==== Data listing
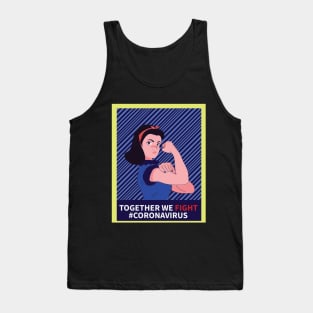 Together we fight coronavirus Tank Top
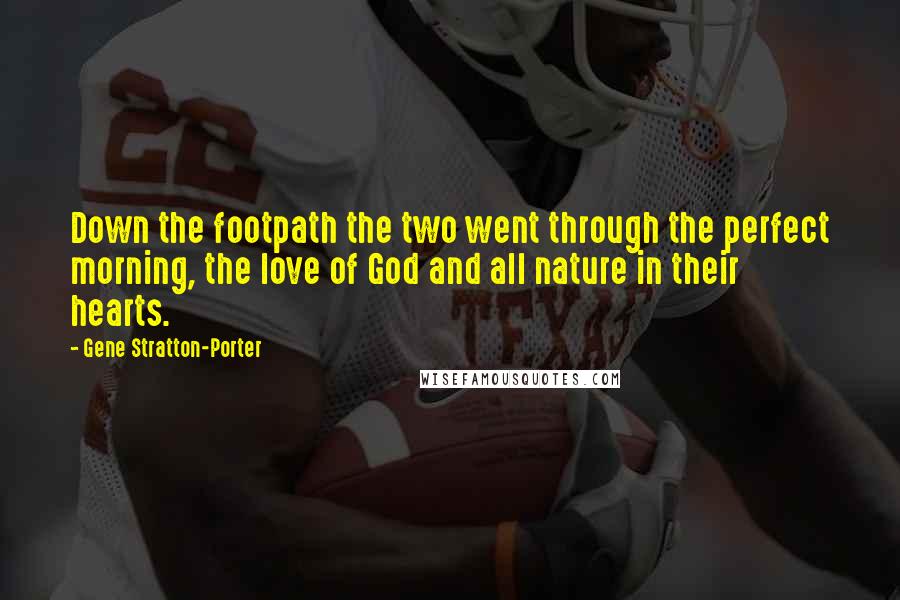 Gene Stratton-Porter Quotes: Down the footpath the two went through the perfect morning, the love of God and all nature in their hearts.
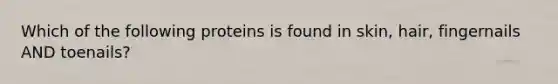 Which of the following proteins is found in skin, hair, fingernails AND toenails?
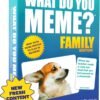 WHAT DO YOU MEME? Family Edition by Relatable, Family Games for Kids 8+, The TikTok Viral, Includes 300 Caption Cards, 108 Photo Cards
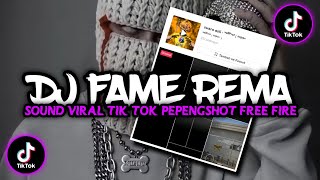 DJ FAME REMA REMIX JEDAG JEDUG VIRAL TIKTOK 2023 [upl. by Nahtaneoj]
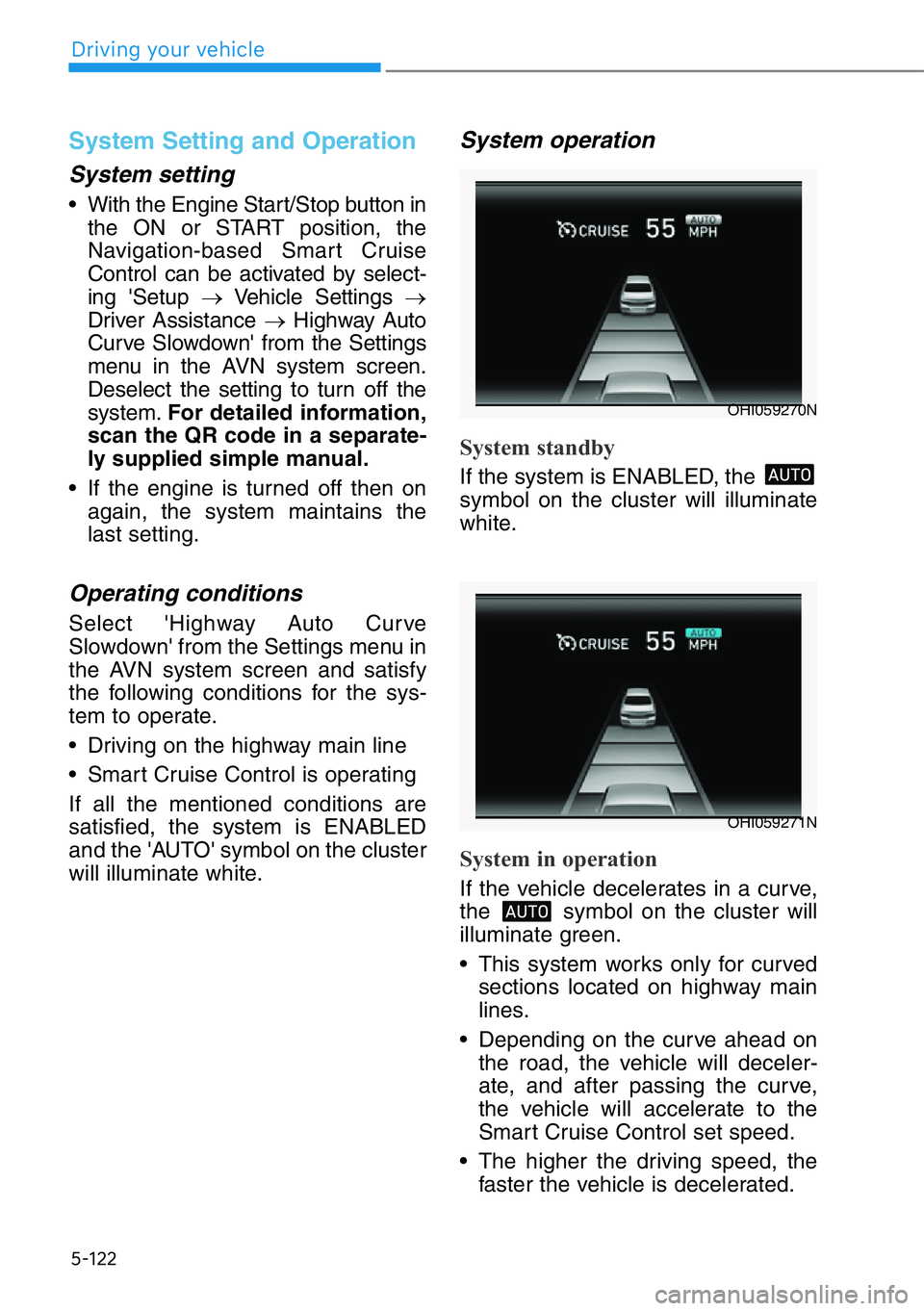 HYUNDAI GENESIS G90 2020  Owners Manual 5-122
System Setting and Operation
System setting
• With the Engine Start/Stop button in
the ON or START position, the
Navigation-based Smart Cruise
Control can be activated by select-
ing 'Setu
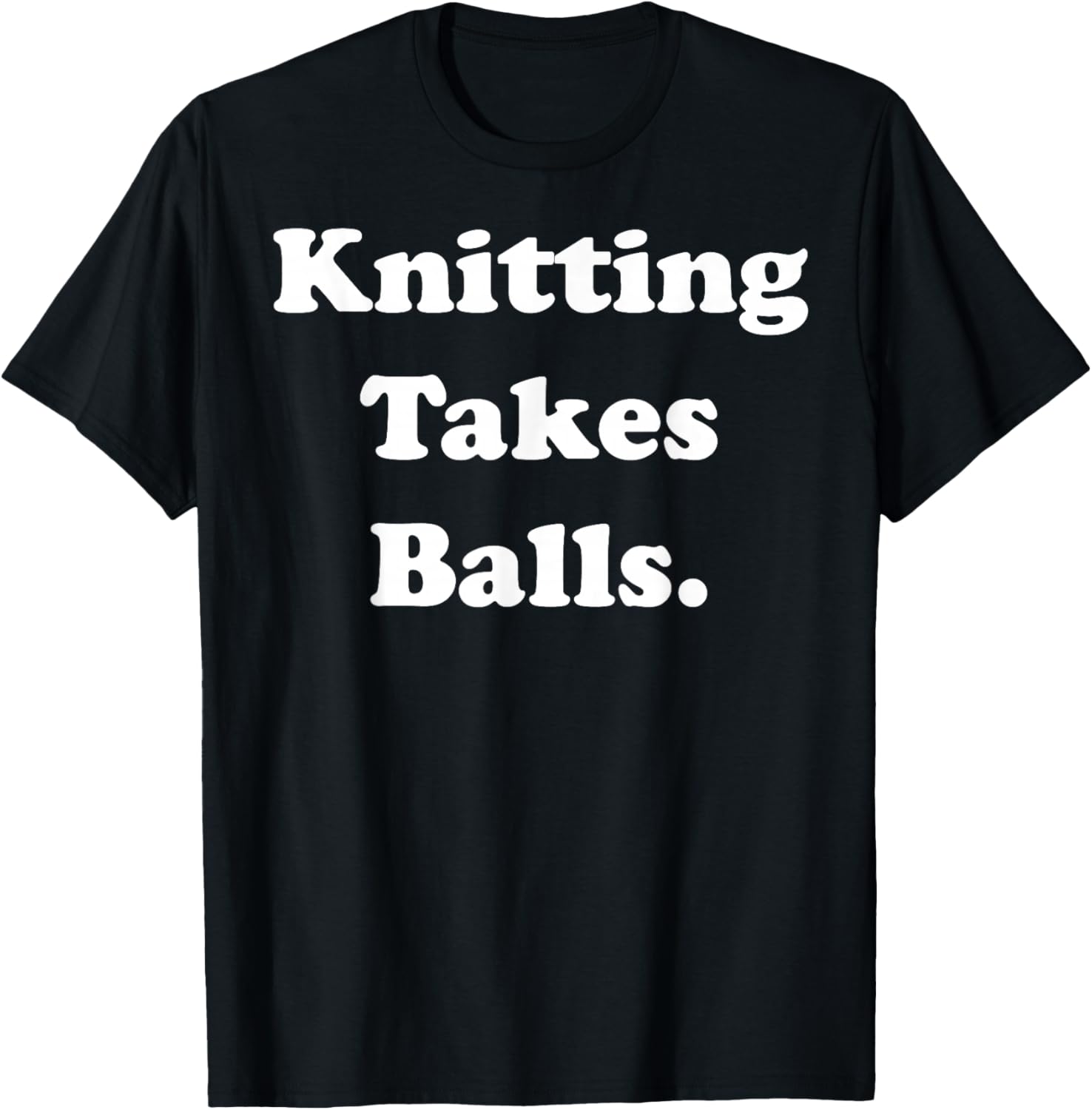 Knitting Takes Balls Yarn Humor Quote Yarn Supply | Viral US Pick | Perfect for Crafters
========
Exercise:
Begin at the line in the entries above that has "DJ FAME REMA", stop after the line that has "Navigation-based Smart Cruise", and output exactly those lines without pictures.

Answer to the problem:
 DJ FAME REMA REMIX JEDAG JEDUG VIRAL TIKTOK 2023 [upl. by Nahtaneoj]
 HYUNDAI GENESIS G90 2020  Owners Manual 5-122
System Setting and Operation
System setting
• With the Engine Start/Stop button in
the ON or START position, the
Navigation-based Smart Cruise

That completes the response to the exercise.